Posts featuring Irizelma Robles

Stone that Treads on Stone: An Interview with Irizelma Robles and Roque Raquel Salas Rivera on Poetry as Alchemy

Myths give us some rituals, some explanations for life, ways of acting in this life.

Awarded the Pedro Lastra International Poetry Prize by the State University of New York at Stony Brook in 2019, Puerto Rican poet and essayist Irizelma Robles percolates ritualist practise, alchemy, and the occult into her scholarship and poetry. Her fourth poetry collection, El libro de los conjuros (Editorial Folium, 2018), embodies this fusion. The text has been translated into English by Puerto Rican poet and translator Roque Raquel Salas Rivera as The Book of Conjurations and was published by Sundial House last June 2024. In this spell book, Dr Robles writes about how “water will make way for the earth / that will listen” and “pieces of language / erased like mist,” summoning skies, substance, soul, and source. In his translator’s note, Dr Salas frames poetry as alchemy: “transmutation through words . . . transform[ing] poet, reader, and language.”

In this interview, I spoke with Dr Robles (in New York) and Dr Salas (in Puerto Rico), on El libro de los conjuros / The Book of Conjurations and the mutability of poetry through the lens of alchemy.

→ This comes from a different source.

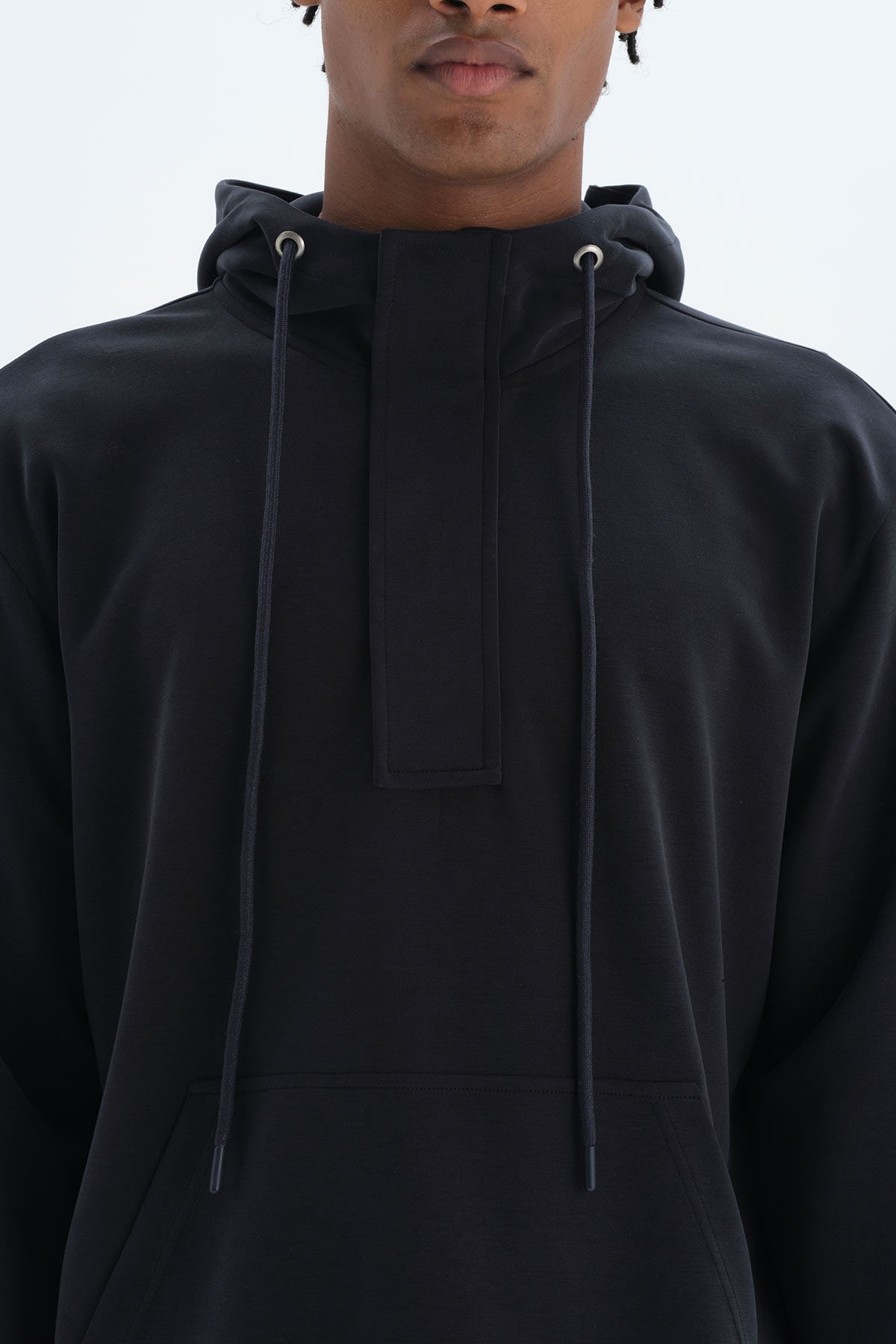 NAVY SWEATSHIRT
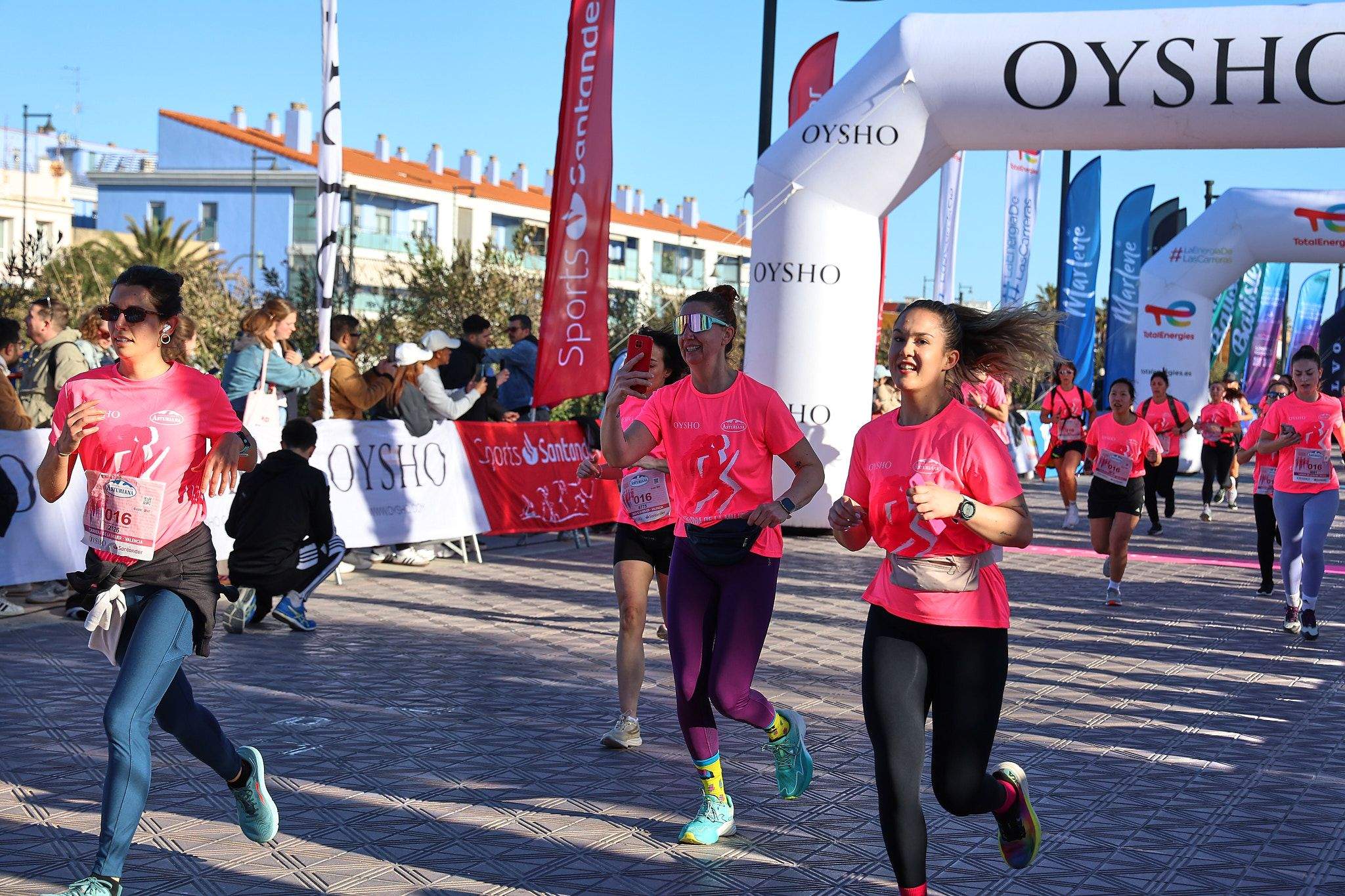 Las mejores fotos de la Carrera de la Mujer Central Lechera Asturiana de Valencia 2025. 768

Alton Melvar M Dapanas (AMMD): Irizelma, your remarkable poetry collection from 2018, El libro de los conjuros, is now out in Roque Raquel Salas Rivera’s translation as The Book of Conjurations. Taking us back to that period and before, what were the creative impulses and poetic foundations that shaped this work?

Irizelma Robles (IR): Ten years before it was El libro de los conjuros, its title was La tabla periódica (The Periodic Table) and when I began writing it in 2016, it was titled El libro de la Santa Muerte (The Book of the Santa Muerte). I did fieldwork in the Huaxteca region of Veracruz and Hidalgo during my student years under the direction of my anthropology professor, Ana Bella Pérez Castro. It was during that period that I came across El libro de la Santa Muerte, a book of conjurations and spells. Later, in conversation with Eugenio Ballou, my friend and editor, we discovered that its true title was El libro de los conjuros.